Go through the listing below and output exactly the line with "Saia - Jordan Cargo Mini Skirt, SAND", the line with "14K Gold Plated", and each line between; omit the rest.

# Data supplied
━━━━━━━━━━━━━━━━

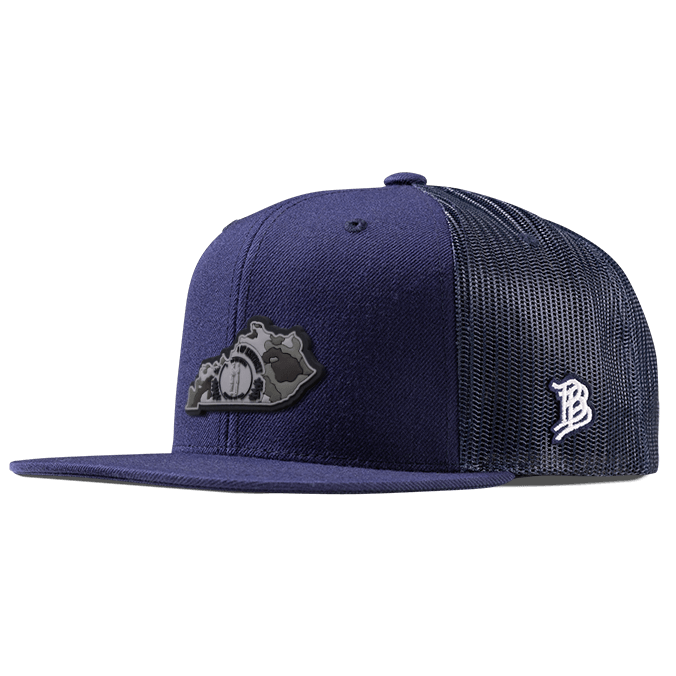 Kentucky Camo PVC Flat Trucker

━━━━━━━━━━━━━━━━

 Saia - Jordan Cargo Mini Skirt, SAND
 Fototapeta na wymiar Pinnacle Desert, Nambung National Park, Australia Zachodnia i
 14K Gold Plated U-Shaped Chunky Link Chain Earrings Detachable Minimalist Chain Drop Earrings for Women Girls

━━━━━━━━━━━━━━━━

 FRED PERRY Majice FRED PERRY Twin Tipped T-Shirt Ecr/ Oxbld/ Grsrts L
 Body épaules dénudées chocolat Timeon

━━━━━━━━━━━━━━━━

# Expected answer
 Saia - Jordan Cargo Mini Skirt, SAND
 Fototapeta na wymiar Pinnacle Desert, Nambung National Park, Australia Zachodnia i
 14K Gold Plated U-Shaped Chunky Link Chain Earrings Detachable Minimalist Chain Drop Earrings for Women Girls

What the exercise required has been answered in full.